The sun and the wind argued about who was stronger.
“Let’s put it to the test,” suggested the wind. “Do you see that man on the street wearing the gray coat? Let’s see who can make him take it off.”

The wind blew fiercely. The man clutched his coat tightly around himself. The wind howled and stormed. Leaves flew, branches shook, but the man only tightened his grip.

The wind exhausted all its strength and finally gave up.

Then it was the sun’s turn. It sent down long, warm rays. Slowly, the man loosened his grip. The warmth increased, and before long, he took off the coat.

The sun won. Warmth triumphed, gently.

When Wanting Turns Into Pressure

So often, we want something very badly. We feel we must have it. And we do everything to achieve it. We ask, explain, repeat ourselves, get offended, grow angry, and finally declare, “That’s enough. I won’t tolerate this anymore.”

And the result?

Often disappointing.

The man tightens his grip on the coat even more. He clings stubbornly to his position. He keeps smoking. He nods in agreement while refilling the cabinets with unhealthy snacks. He continues to give the children everything they want. He stretches out on the couch and no, he still will not go study.

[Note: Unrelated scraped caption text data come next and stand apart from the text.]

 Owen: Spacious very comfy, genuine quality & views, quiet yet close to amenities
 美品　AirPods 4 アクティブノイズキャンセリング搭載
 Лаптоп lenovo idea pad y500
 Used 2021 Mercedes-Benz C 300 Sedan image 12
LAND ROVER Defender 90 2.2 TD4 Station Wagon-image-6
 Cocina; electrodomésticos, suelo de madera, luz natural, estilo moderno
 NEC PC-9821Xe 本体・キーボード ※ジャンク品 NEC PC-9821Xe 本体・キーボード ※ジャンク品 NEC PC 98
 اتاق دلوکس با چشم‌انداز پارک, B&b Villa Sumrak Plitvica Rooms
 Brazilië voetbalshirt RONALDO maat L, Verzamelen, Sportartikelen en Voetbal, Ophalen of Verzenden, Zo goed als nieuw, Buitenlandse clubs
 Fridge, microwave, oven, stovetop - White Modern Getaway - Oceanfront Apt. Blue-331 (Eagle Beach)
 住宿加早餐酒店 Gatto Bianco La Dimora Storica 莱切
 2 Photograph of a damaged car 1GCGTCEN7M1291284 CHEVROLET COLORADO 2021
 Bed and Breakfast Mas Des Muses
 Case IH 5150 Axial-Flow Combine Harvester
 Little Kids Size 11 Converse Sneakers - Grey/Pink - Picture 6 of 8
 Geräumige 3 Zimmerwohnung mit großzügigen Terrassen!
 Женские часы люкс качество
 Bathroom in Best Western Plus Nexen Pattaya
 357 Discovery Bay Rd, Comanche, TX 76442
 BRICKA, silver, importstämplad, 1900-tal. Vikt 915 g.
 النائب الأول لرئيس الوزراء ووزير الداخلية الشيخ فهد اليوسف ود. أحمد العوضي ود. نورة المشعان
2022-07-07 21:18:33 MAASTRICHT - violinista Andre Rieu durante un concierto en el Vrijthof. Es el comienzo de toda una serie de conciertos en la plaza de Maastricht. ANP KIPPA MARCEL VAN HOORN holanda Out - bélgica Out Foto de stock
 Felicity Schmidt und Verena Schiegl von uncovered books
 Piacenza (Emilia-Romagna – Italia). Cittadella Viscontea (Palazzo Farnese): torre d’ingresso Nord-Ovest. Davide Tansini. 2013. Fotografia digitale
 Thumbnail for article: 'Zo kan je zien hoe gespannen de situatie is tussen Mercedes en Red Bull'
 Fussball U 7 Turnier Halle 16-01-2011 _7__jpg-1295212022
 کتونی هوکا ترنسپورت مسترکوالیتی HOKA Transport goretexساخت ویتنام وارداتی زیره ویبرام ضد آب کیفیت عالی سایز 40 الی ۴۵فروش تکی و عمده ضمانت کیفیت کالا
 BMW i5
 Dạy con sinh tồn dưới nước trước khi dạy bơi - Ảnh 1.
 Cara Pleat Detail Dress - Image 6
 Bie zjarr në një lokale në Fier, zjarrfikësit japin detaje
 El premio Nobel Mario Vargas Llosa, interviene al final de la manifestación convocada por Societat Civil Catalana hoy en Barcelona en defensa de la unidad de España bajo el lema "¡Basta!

“What else can we do?” frustrated women ask. They have invested enormous energy in a fierce battle that accomplished nothing, except to make matters worse.

Why Does This Happen?

There is a simple and natural rule: force creates resistance.

More precisely, Newton’s third law teaches that every force generates an equal and opposite force.

The moment pressure is applied, something pushes back. When you knead dough, the dough pushes against the bowl. When you force a child to act, he may obey outwardly, but the pressure is redirected inward or toward someone weaker. A sibling, a friend, or even himself.

In marriage, force appears in many forms.
“You can’t continue like this.”
“It’s unhealthy that you…”
“What kind of example is this for the children?”
“You must…”

Do you feel resistance rising just reading these words?

Force can also appear quietly. Disapproving looks. Heavy sighs. Slamming doors. Silence meant to convince.

Does Pressure Work?

No. On the contrary, it increases resistance.

It may seem effective for a short time, until exhaustion sets in. But like the man with the coat, when pressure is felt, the grip tightens.

He feels threatened. Someone is trying to take something precious from him. His freedom to choose. His identity. His priorities. His way of being.

The power of choice is a gift from Hashem. It defines a person’s humanity. When that gift feels under attack, all inner defenses rise.

And in that battle, everyone loses.

She does not receive what she needs and is left hurt and frustrated.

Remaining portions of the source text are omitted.